_EXERCISE GOAL_
Write out exactly, excluding pictures, the lines from the one containing "en nuestras paredes" through the end of the data, both included.

━━━━━ RAW DATA ━━━━━

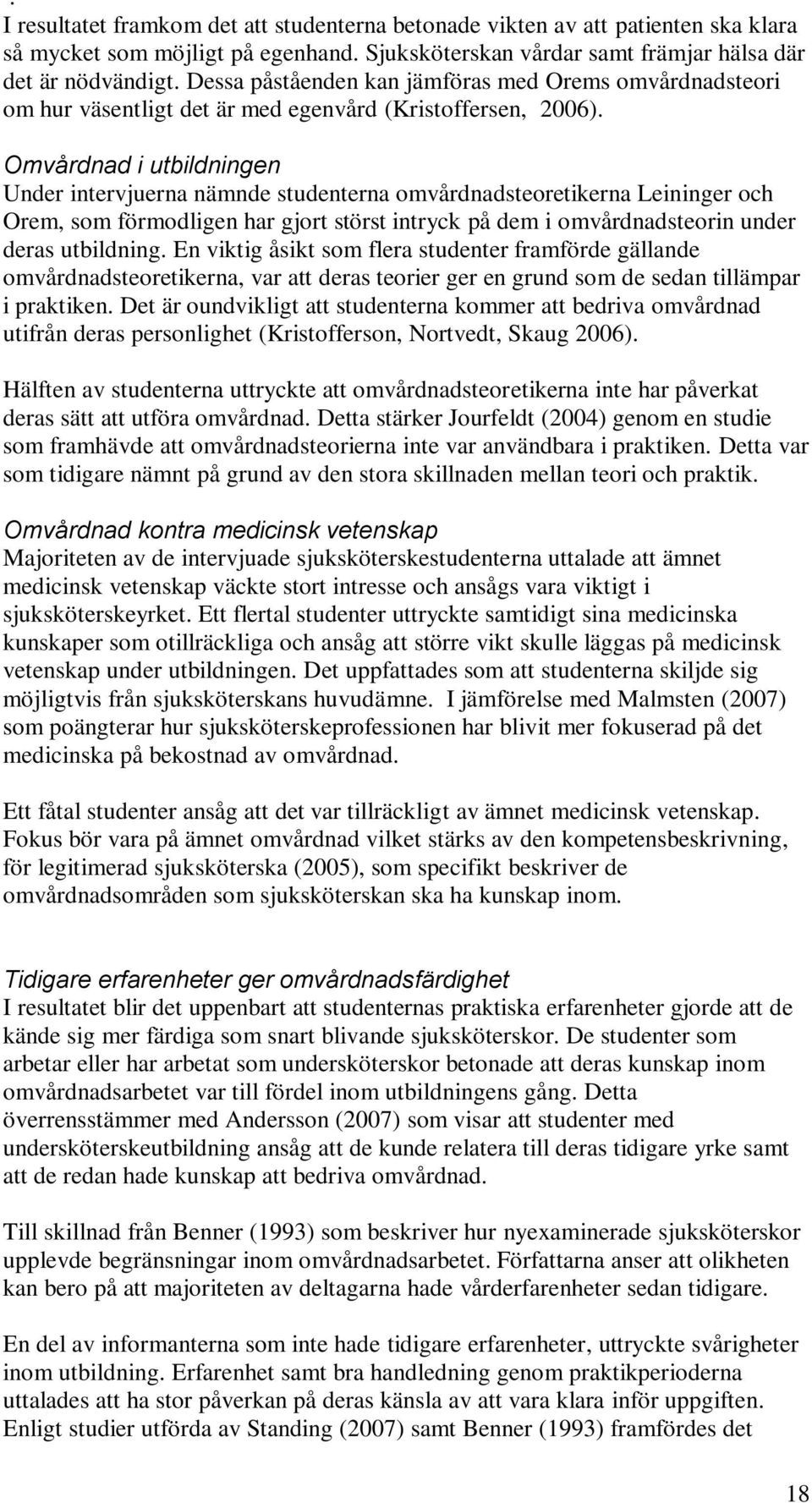 Omvårdnad i utbildningen Under intervjuerna nämnde studenterna omvårdnadsteoretikerna Leininger och Orem, som förmodligen har gjort störst intryck på dem i omvårdnadsteorin under deras utbildning.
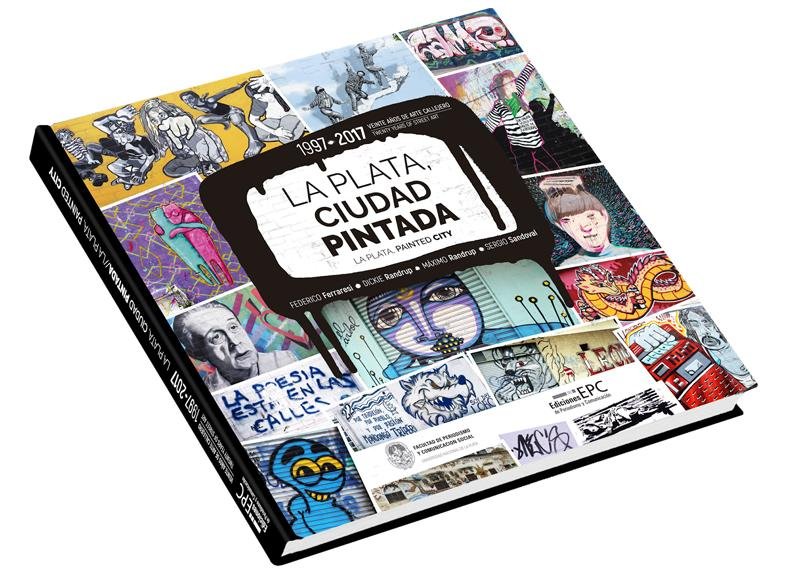 “La Plata, ciudad pintada”, un libro que hace foco en nuestras paredes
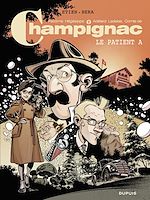 Télécharger le livre :  Champignac - tome 2 - Le patient A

━━━━━

_ANSWER TO THIS PROBLEM_
 “La Plata, ciudad pintada”, un libro que hace foco en nuestras paredes
 Télécharger le livre :  Champignac - tome 2 - Le patient A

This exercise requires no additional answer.